▸ Problem to solve
Give back the full listing as written. No pictures go with it.

═══ Given information

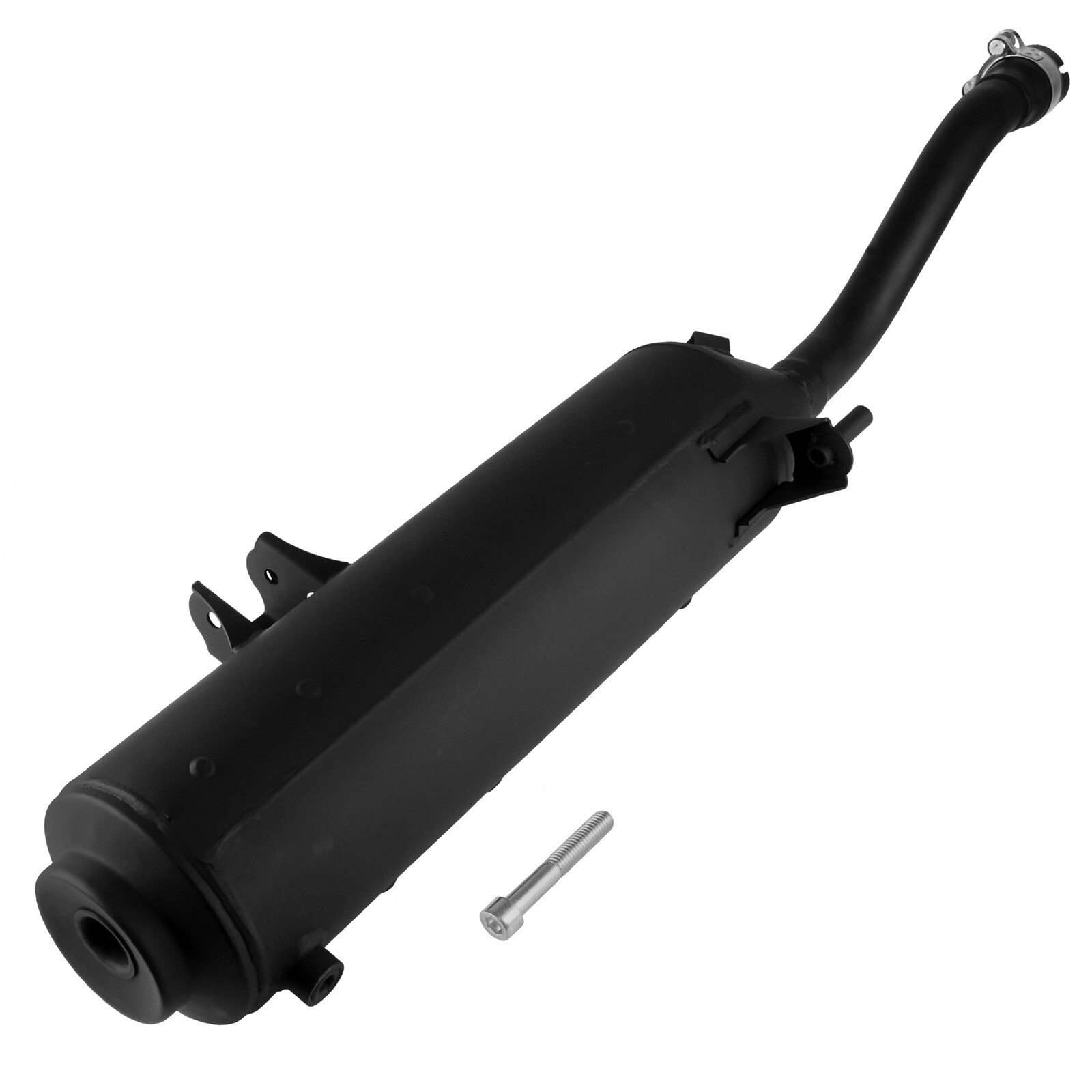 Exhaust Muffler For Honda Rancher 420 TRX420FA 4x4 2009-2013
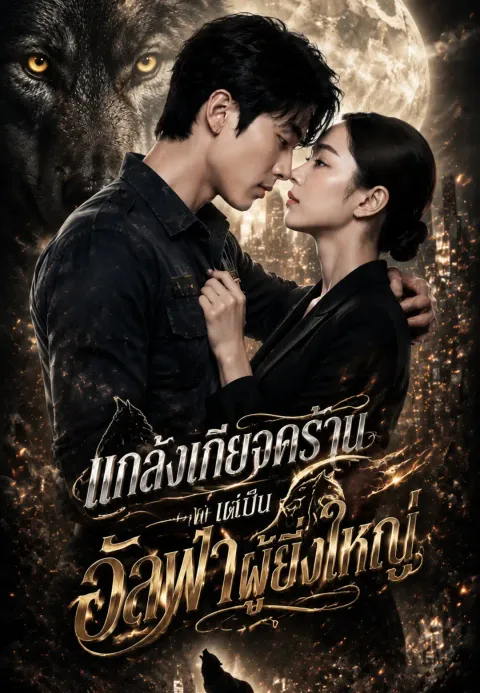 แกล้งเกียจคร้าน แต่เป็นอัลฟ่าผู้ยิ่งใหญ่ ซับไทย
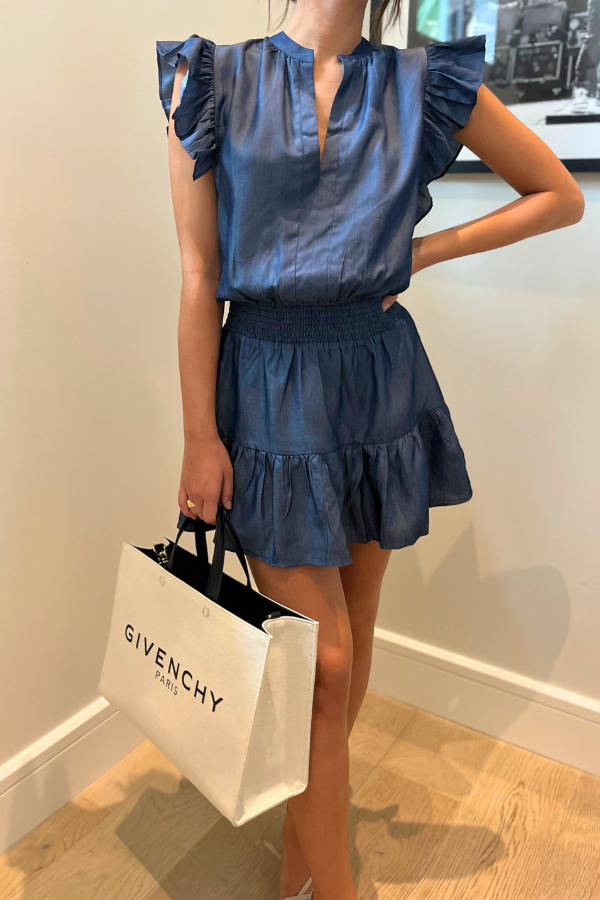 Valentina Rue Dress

══════

▸ Response box
 Exhaust Muffler For Honda Rancher 420 TRX420FA 4x4 2009-2013
 แกล้งเกียจคร้าน แต่เป็นอัลฟ่าผู้ยิ่งใหญ่ ซับไทย
 Valentina Rue Dress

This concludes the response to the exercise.